Kanzlei Nittel erstreitet Urteil gegen Clerical Medical und Apo-Bank. Anleger muss Darlehen für kreditfinanzierte Lebensversicherung nicht zurückzahlen.

Ein Beitrag von Nittel | Kanzlei für Bank- und Kapitalmarktrecht

Kreditfinanzierte Lebensversicherungen wurden von Finanzvermittlern gerne an Ärzte und andere Freiberufler verkauft. Dabei handelte es sich zumeist um Investment-Policen, bei denen aus steuerlichen Gründen die Finanzierung des Einmalbeitrags über einen Kredit erfolgte. Europlan, Individualrente, Lex-Konzeptrente, SpaRenta, Sicherheits-Kompaktrente und viele andere Fantasienamen wurden für derartige Produkte gewählt, die eine zusätzliche private Altersvorsorge darstellen sollten. Die Hochrechnungen wurden gegenüber den Anlegern so dargestellt, dass die Police aufgrund der hohen Aktienquote höhere Renditen erzielen werde als das Darlehen an Zinskosten verursache. Doch in der Realität hinkten die Gewinne den hohen Erwartungen hinterher und aufgrund der Hebelwirkung durch die Kreditfinanzierung verbuchten die Anleger hohe Verluste.

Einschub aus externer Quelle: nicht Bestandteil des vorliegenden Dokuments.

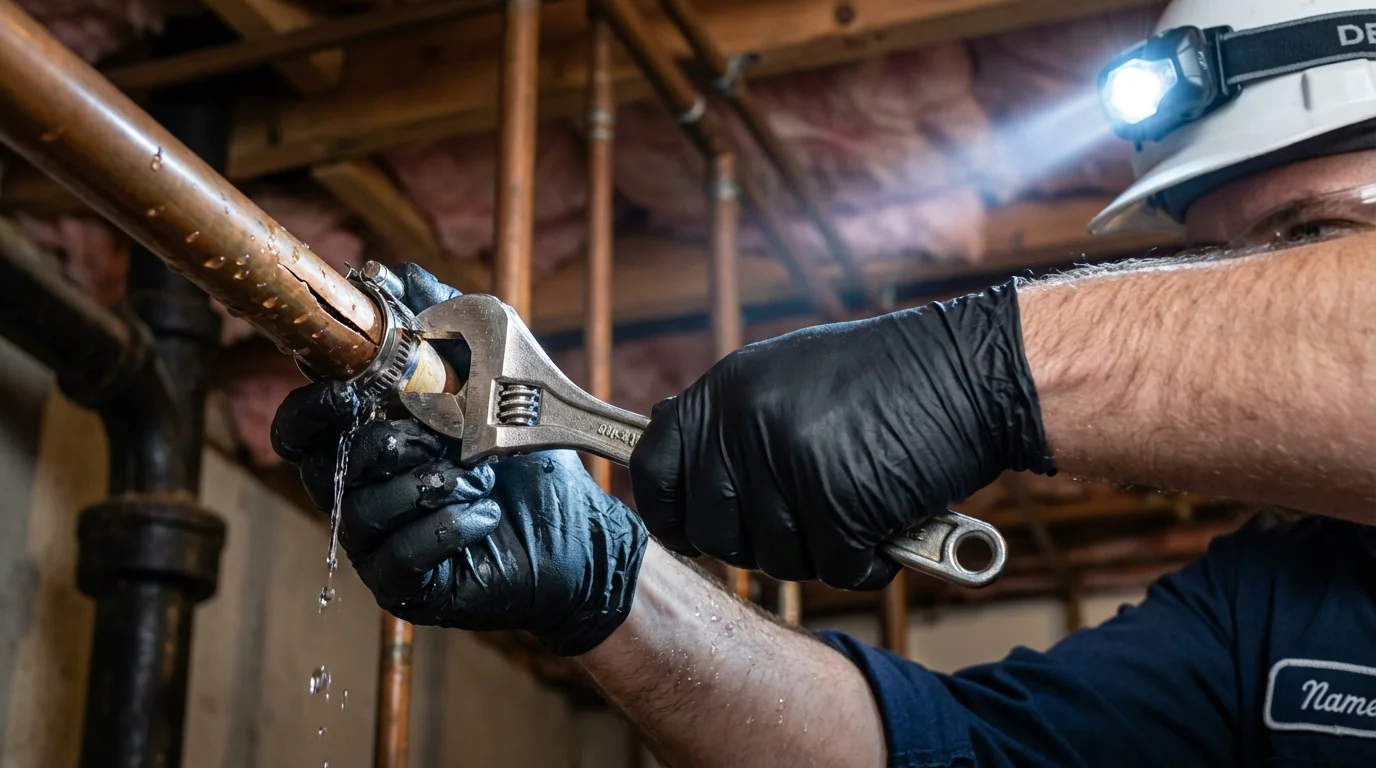 Emergency pipe clamp repair being performed by a Johns Plumbing LLC plumber in Hoquiam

Zu den besonders aktiven Partnern der fragwürdigen Anlagemodelle zählte der britische Lebensversicherer Clerical Medical Investment (CMI), für den teilweise mit Renditeprognosen von 8,5 Prozent geworben wurde. Ein betroffener Anleger, der im Jahr 2002 eine CMI-Police namens "Individualrente" über die Deutsche Apotheker- und Ärztebank (Apo-Bank) finanziert hatte und hohe Verluste hinnehmen musste, zog nun vor das Schweriner Landgericht und verlangte die Freistellung von der Rückzahlung des mit der Police verbundenen Darlehens.

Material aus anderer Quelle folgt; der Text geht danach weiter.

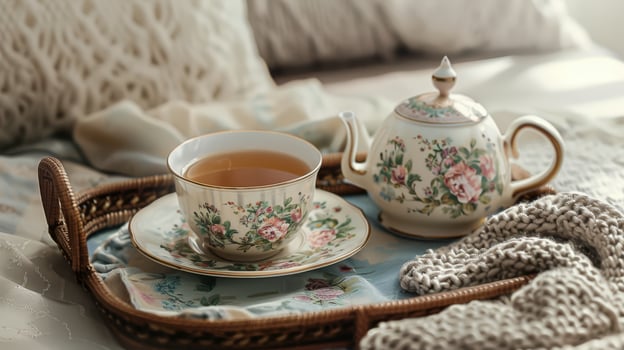 Cozy morning setupwith vintage floral tea set photo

In ihrem Urteil (LG Schwerin, Aktenzeichen 1 O 59/10) gaben die Richter dem von Tino Ebermann, Fachanwalt für Bank- und Kapitalmarktrecht in der Heidelberger Kanzlei Nittel, vertretenen Anleger Recht. Eine Pflichtverletzung der CMI im Rahmen der Anbahnung des Versicherungsvertrages sei als gegeben anzusehen, so der Tenor des Urteils. Der Anleger wurde mit einer historischen zweistelligen Rendite und einer Renditeprognose von 8,5 Prozent pro Jahr geblendet. Nachdem CMI einen Großteil der Versicherungsbeiträge in Aktien und vergleichbaren Wertpapieren anlegte und nach dem Börsencrash 2001 erhebliche Verluste hinnehmen musste, sei dies nicht mehr vertretbar gewesen. In einer von CMI dem Vertrieb zur Verfügung gestellten Berechnungssoftware wurde überdies eine Wertentwicklung von "nur" 6 Prozent für realistisch gehalten.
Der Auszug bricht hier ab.